By Aldo Guerrero – Fair.org
Louisiana Gov. Bobby Jindal is still spreading the myth of Muslim “no-go zones” in Europe–and even claiming that they will come to the United States (CNN,1/21/15). Declared Jindal in a London speech:
In the West, non-assimilationist Muslims establish enclaves and carry out as much of Sharia law as they can without regard for the laws of the democratic countries which provided them a new home.
When CNN International correspondent Max Foster challenged Jindal to name an actual “no-go zone,” Jindal offered this non-answer: “I think your viewers know absolutely there are places where the police are less likely to go.”
In response, human rights attorney Arsalan Iftikhar (aka “The Muslim Guy“) opined on MSNBC(1/19/15):
I think Governor Jindal is protesting a bit too much. He might be trying to scrub some of the brown off of his skin as he runs to the right in a Republican presidential exploratory bid.
This statement prompted MSNBC to ban Iftikhar from the network deeming his comments “offensive” and “unacceptable” (Mediaite, 1/20/15).
But Iftikhar was merely suggesting that there is prejudice based on skin color in our political culture–hardly a far-fetched claim–and that non-white politicians like Jindal may tend to bash other minorities (in this case, Muslims) in order to avoid the consequences of this prejudice. (Iftikhar’s use of the skin-scrubbing metaphor indicates that he finds this a futile endeavor.)
Jindal has a history of invoking his background as an Indian-American raised in an Hindu household–only to climactically emphasize his ultimate conversion to Christianity, which he calls “the most significant moment” in his life. He received laurels for highlighting this part of his life story in his commencement address at Liberty University, a private Christian (and right-wing) university (Times-Picayune, 5/10/14; Washington Post, 5/12/14).
Emphasizing a politician’s Christian credentials, of whatever skin color, obviously appeals to the Republican Party’s religious base, but with Jindal it has the added benefit of positioning himself as a child of immigrants who has changed his worldview to conform to the beliefs of the majority.
As Iftikhar suggested, Jindal does devote considerable effort to criticizing minority groups who don’t fit in as well with American majority self-image. This strategy was on full display in Jindal’s softball interview with Fox Newshost Neil Cavuto (1/21/15), where Jindal was allowed to spread as much fear as he wanted:
There are neighborhoods in the UK and in France that have been documented, very well-documented by Ambassador [John] Bolton and others, where there are attempts to impose Sharia law.

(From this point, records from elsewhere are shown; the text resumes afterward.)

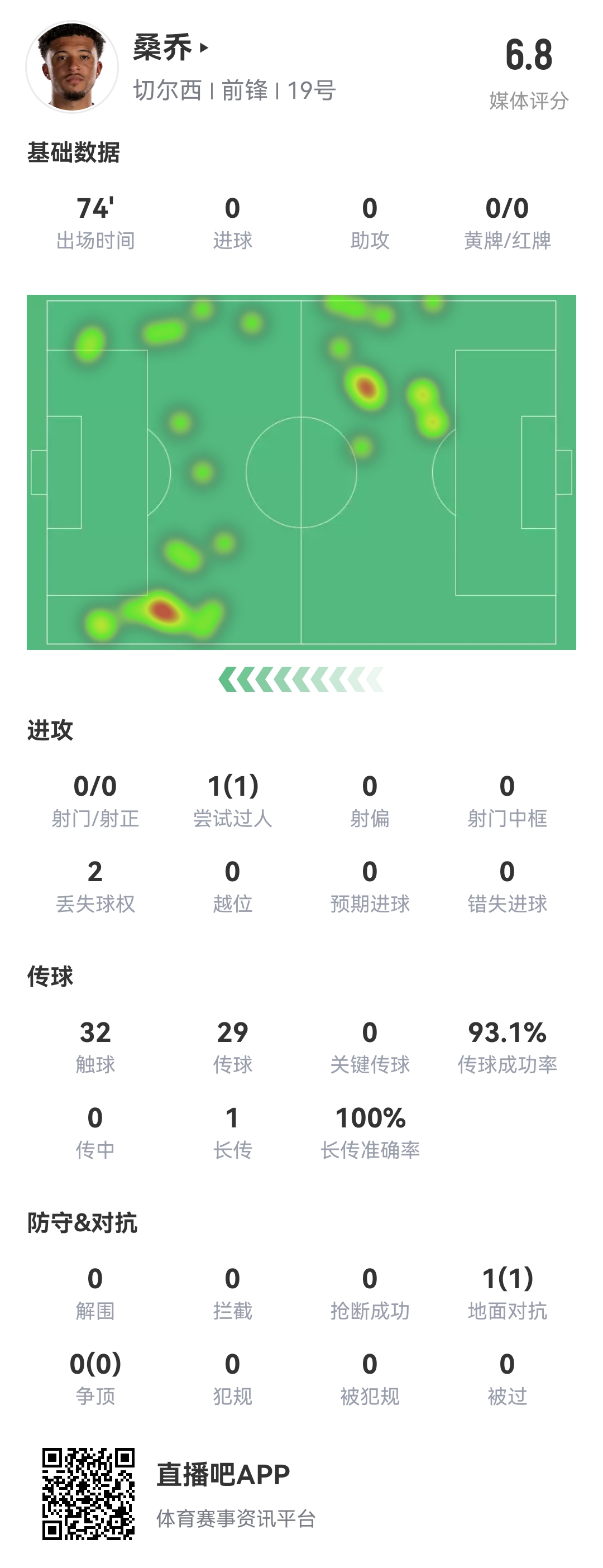 查无此人...桑乔vs阿森纳数据:0射门,完成1次过人,多项数据挂0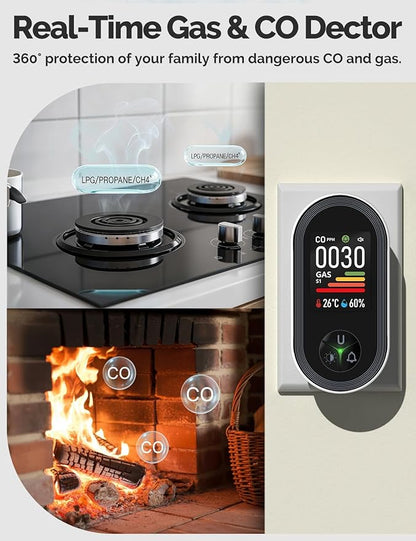 4IN1 Gas & Carbon Monoxide Detector Combination Plug in, CO Gas Monitor with Real-Time Temperature & Humidity Display, Alarm for Natural Gas, Propane-2Pack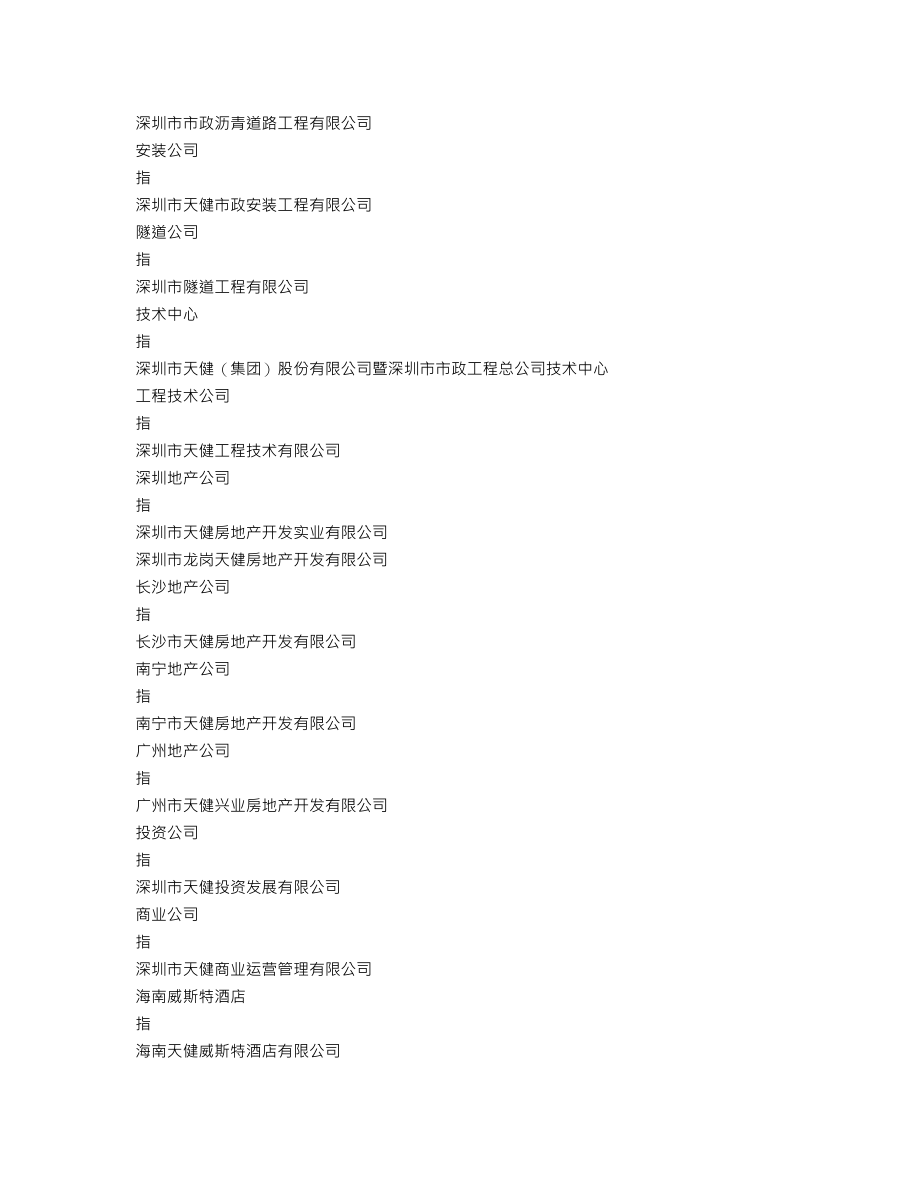 000090_2012_深天健_2012年年度报告_2013-03-29.txt_第3页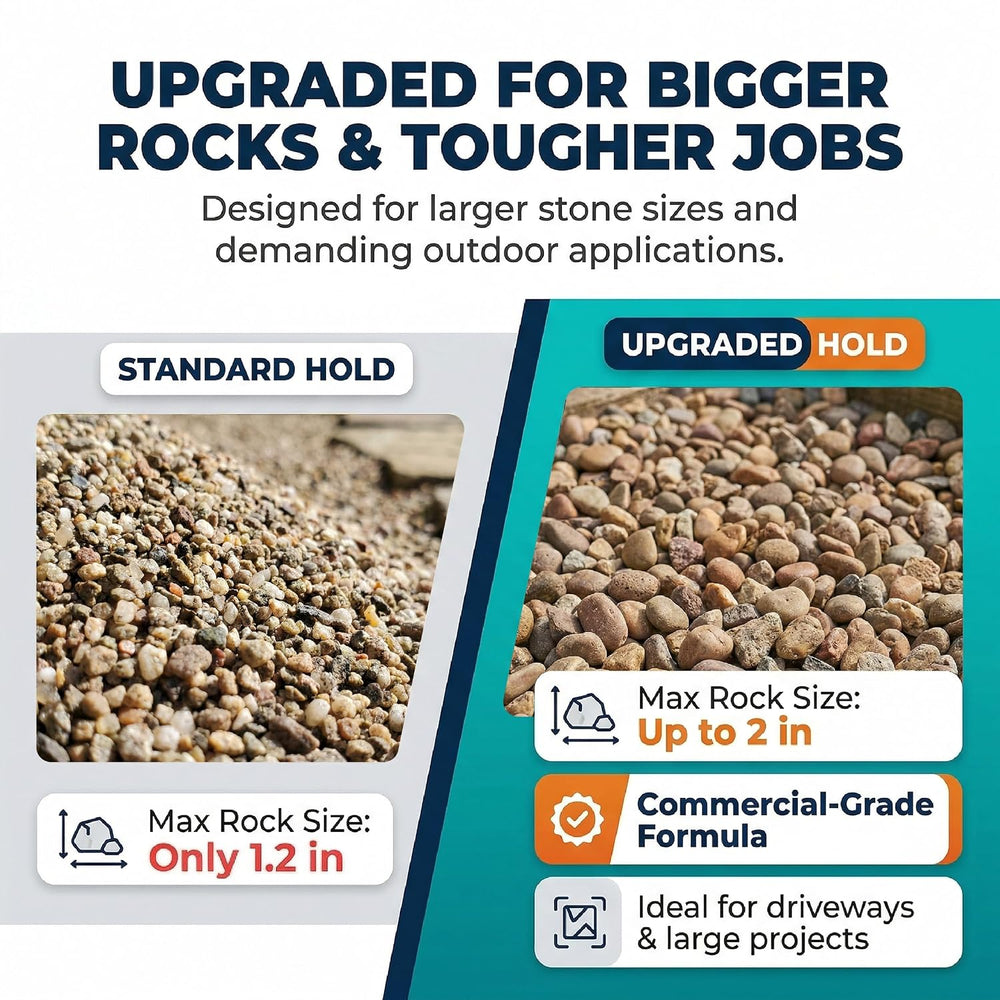 Rock Glue for Landscaping 1 Gallon - Contractor Grade Mulch & Gravel Bind...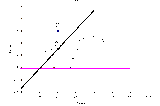 หลักการพื้นฐานของ Simple Linear Regression Analysis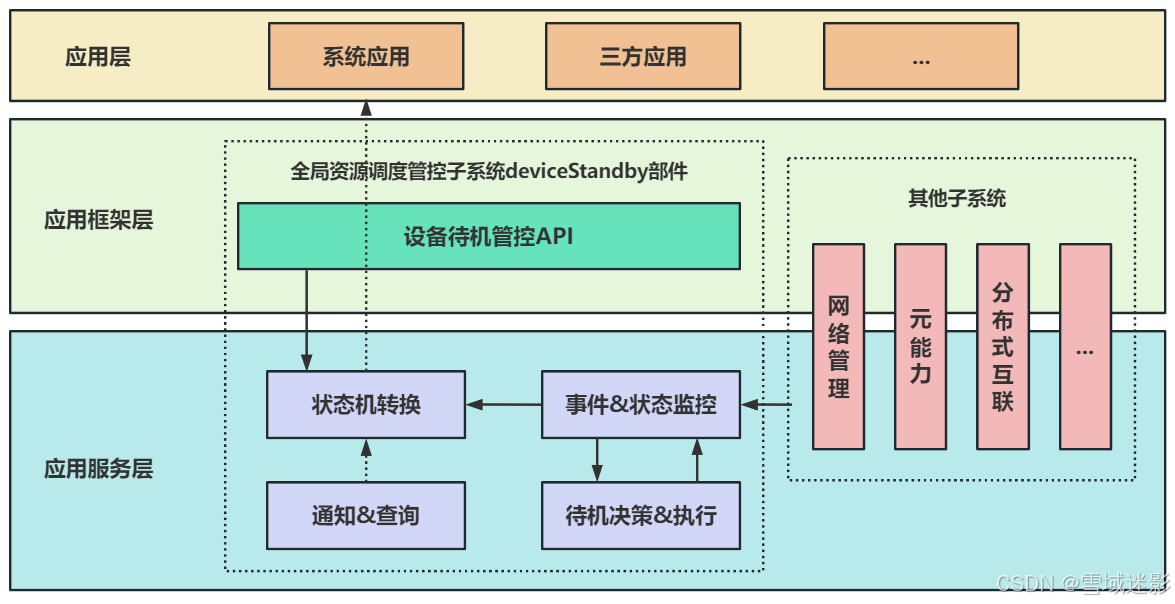 图 1 设备待机部件整体架构图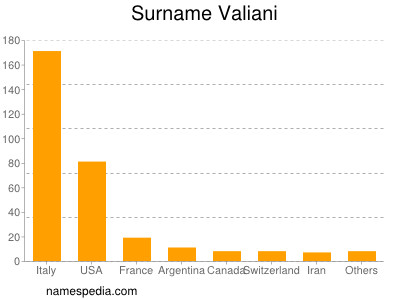 Familiennamen Valiani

There are neighborhoods where women do not feel comfortable walking in without veils.
He also added his obsession with cultural assimilation:
But absolutely there are neighborhoods where you have communities of people that don’t want to integrate, don’t want to assimilate…. They’re actually going in there to colonize, to overtake the culture. That’s what going to happen in America if we’re not careful.
Cavuto shied away from directly challenging the validity of Jindal’s specific claims. Instead, Cavuto asked Jindal to respond to Iftikhar’s ban from MSNBC, react to a statement from the Democratic National Committee and reaffirm whether or not he would back off his original claims. (Jindal responded, “Absolutely not.”) In effect, Cavuto gave Jindal a platform to promote his rhetoric without any scrutiny. It’s almost as if Fox News wanted to apologize for its apology for its “no-go zone” coverage by bringing on a guest who would espouse the same false rhetoric.
MSNBC was quick to punish the Muslim guy who made a blunt observation about a minority member obsessed with assimilation. Meanwhile, Bobby Jindal is free to roam media circles, fearmongering around a discredited notion that treats Muslims as alien invaders. If he can keep this up, maybe he’ll prove Iftikhar wrong by showing that it really is possible to overcome prejudice by playing to prejudice.